Now, it’s his role as unrelenting Netanyahu enforcer – and up-and-coming Likud star – that’s drawing the spotlight to the 44-year-old minister. Indeed, the protest scheduled for Tuesday evening was not outside the prime minister’s residence, but in front of Ohana’s Tel Aviv apartment building, in a rally against police brutality that ended in violence, with at least five being wounded after being attacked by what eyewitnesses said were right-wing activists who infiltrated the march.
Ohana was featured in an audio tape just leaked to the media in which he unloaded his frustrations on the Jerusalem police and other Jerusalem officials, telling them in no uncertain terms they were failing to crack down on the escalating demonstrations taking place regularly in front of Prime Minister Benjamin Netanyahu’s official residence in the capital.

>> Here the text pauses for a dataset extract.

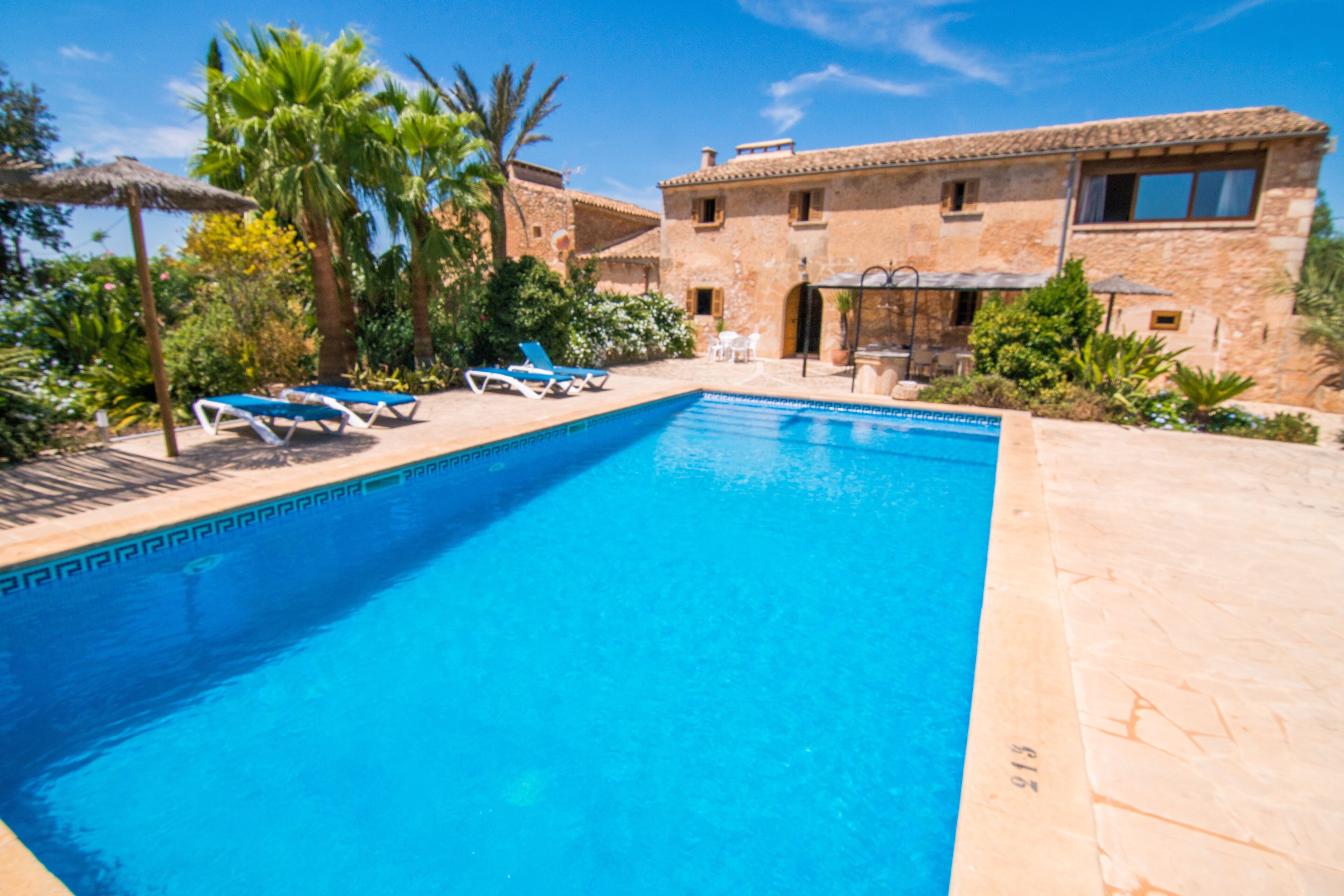 A swimming pool with lounge chairs, a stone building, and palm trees.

“We can’t go on with this mess. We cannot continue with this anarchy,” Ohana ranted, about the protests attended by thousands of angry Israelis. He called on local officials and the police to “ban this whole thing,” vowing to defy court decisions that upheld the protests as free expression.

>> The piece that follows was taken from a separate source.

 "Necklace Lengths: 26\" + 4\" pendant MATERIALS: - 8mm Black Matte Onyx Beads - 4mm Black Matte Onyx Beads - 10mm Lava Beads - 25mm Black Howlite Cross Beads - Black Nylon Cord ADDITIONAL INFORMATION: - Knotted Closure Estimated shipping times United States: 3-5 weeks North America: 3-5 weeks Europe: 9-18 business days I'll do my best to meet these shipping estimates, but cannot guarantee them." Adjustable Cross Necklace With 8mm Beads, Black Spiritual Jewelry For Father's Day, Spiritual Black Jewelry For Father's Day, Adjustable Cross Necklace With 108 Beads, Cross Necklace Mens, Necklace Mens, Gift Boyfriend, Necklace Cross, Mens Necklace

“I want to challenge the ruling of the court,” he said. “I don’t know how to explain to the public why we ban prayer and cultural performances, and don’t ban [these protests].”
Behind his given reasons for objecting to the protests – ostensible concern for the well-being of Netanyahu’s “poor” neighbors and the spread of the coronavirus in the crowd – Ohana’s outrage is seen by his many critics as another act in his ongoing role as Netanyahu family loyalist and designated lightning rod for public rage that would otherwise be directed at Netanyahu.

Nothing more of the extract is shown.